··· RECORDS TO PROCESS ···
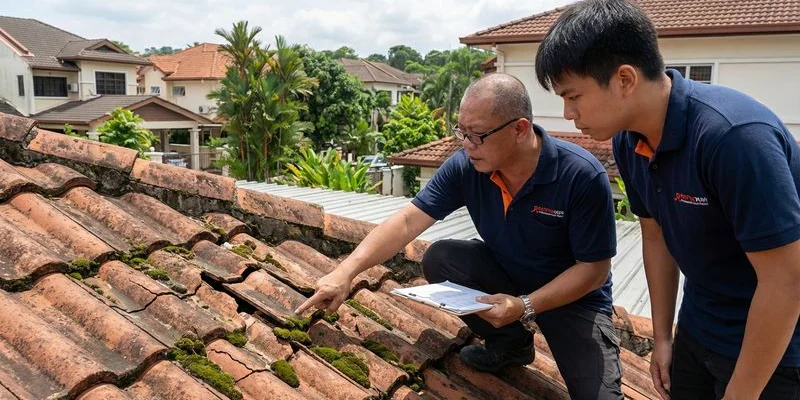 Inspector examining severely deteriorated roof tiles with visible cracks and moss growth on Malaysian house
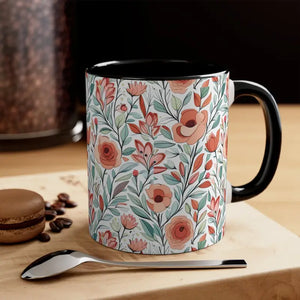 Flowers Accent Coffee Mug - Vibrant Daily Brew Essential - Dipaliz - Black / 11oz - Mugs
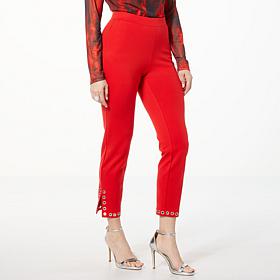 GREY by Jhoan Sebastian Grey Ponte Pant with Grommet Detail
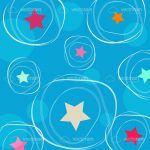 Fun Background with Abstract Stars and Circles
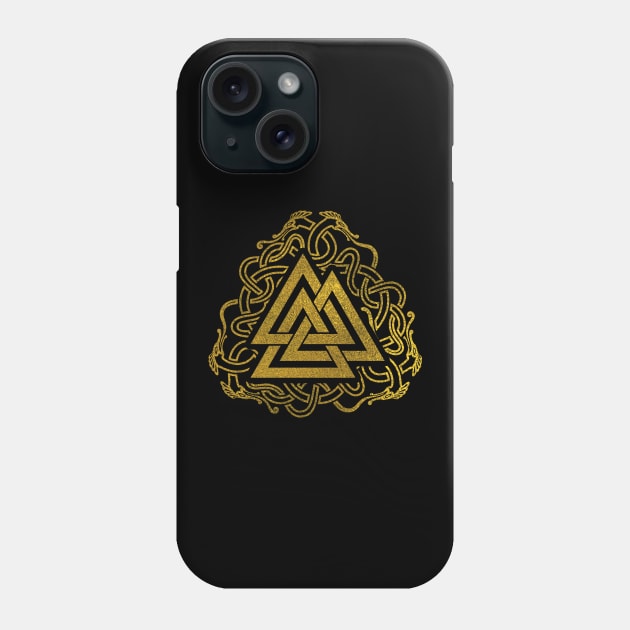 Gold Valknut Symbol Phone Case by Nartissima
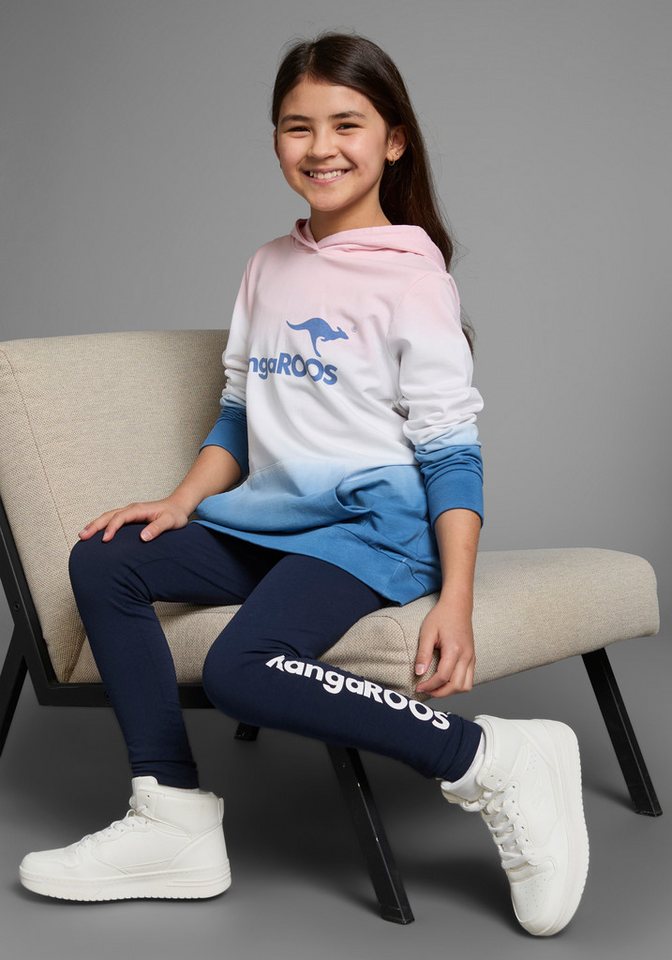 KangaROOS Kapuzensweatshirt, Longsweatshirt mit Farbverlauf Langarm mit Bündchen, taillierter Schnitt, mit Logodruck – Bild 3 von 5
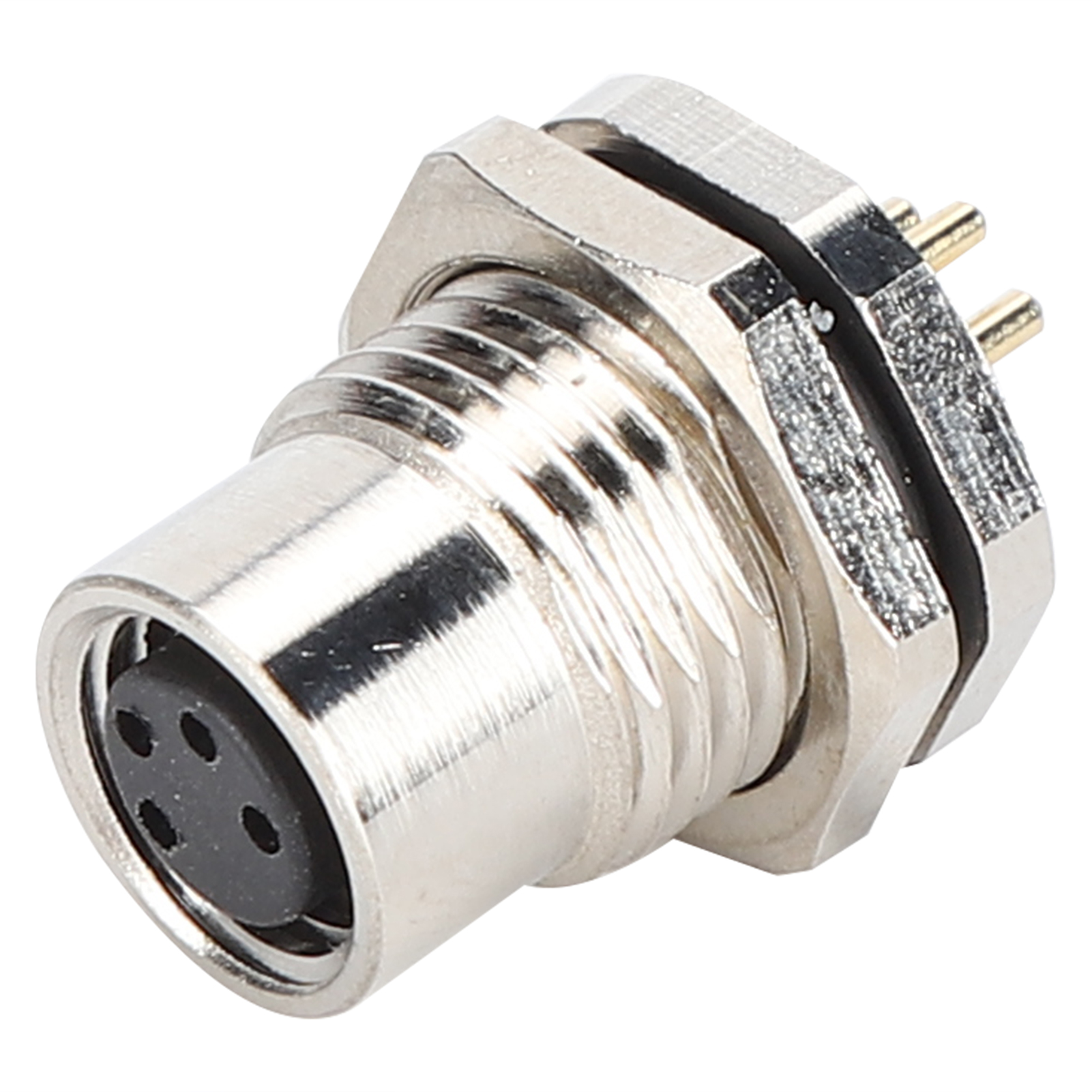 4-poliger M8-f3-s4-stecker, Wasserdicht Nach Ip67, Platinenmontage, Gehäuse Aus Vernickeltem Messing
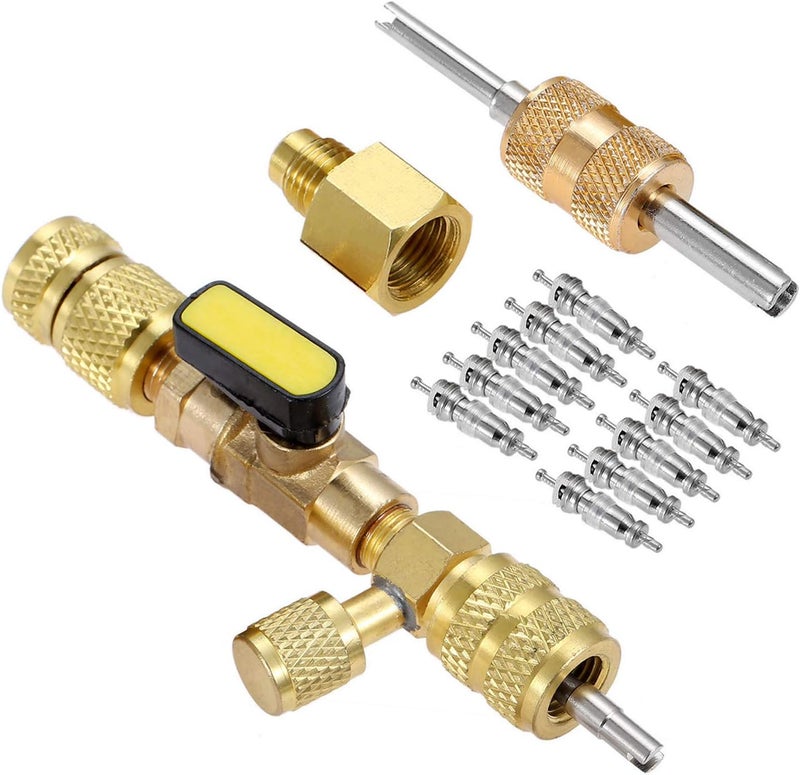 SURIEEN R410A R22 Valve Core Remover Installer Tool with Dual Size SAE 1/4 & 5/16 Port for R404A R407C R134A R12 R32 R600 HVAC System, with 10PCS 5v1 Valve Cores and Double Head Valve Core Remover - Image 1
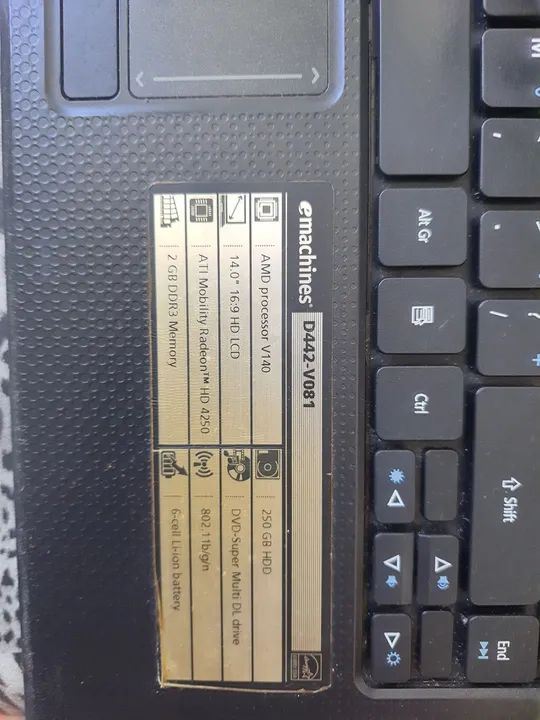 Notebook eMachines - para retirada de peças  - Foto 3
···
> [WORK ITEM]
Restate every entry above word for word; no picture belongs in the copy.

> [RESULT OF THIS EXERCISE]
 Inspector examining severely deteriorated roof tiles with visible cracks and moss growth on Malaysian house
 Flowers Accent Coffee Mug - Vibrant Daily Brew Essential - Dipaliz - Black / 11oz - Mugs
 GREY by Jhoan Sebastian Grey Ponte Pant with Grommet Detail
 Fun Background with Abstract Stars and Circles
 Gold Valknut Symbol Phone Case by Nartissima
 KangaROOS Kapuzensweatshirt, Longsweatshirt mit Farbverlauf Langarm mit Bündchen, taillierter Schnitt, mit Logodruck – Bild 3 von 5
 4-poliger M8-f3-s4-stecker, Wasserdicht Nach Ip67, Platinenmontage, Gehäuse Aus Vernickeltem Messing
 SURIEEN R410A R22 Valve Core Remover Installer Tool with Dual Size SAE 1/4 & 5/16 Port for R404A R407C R134A R12 R32 R600 HVAC System, with 10PCS 5v1 Valve Cores and Double Head Valve Core Remover - Image 1
 Notebook eMachines - para retirada de peças  - Foto 3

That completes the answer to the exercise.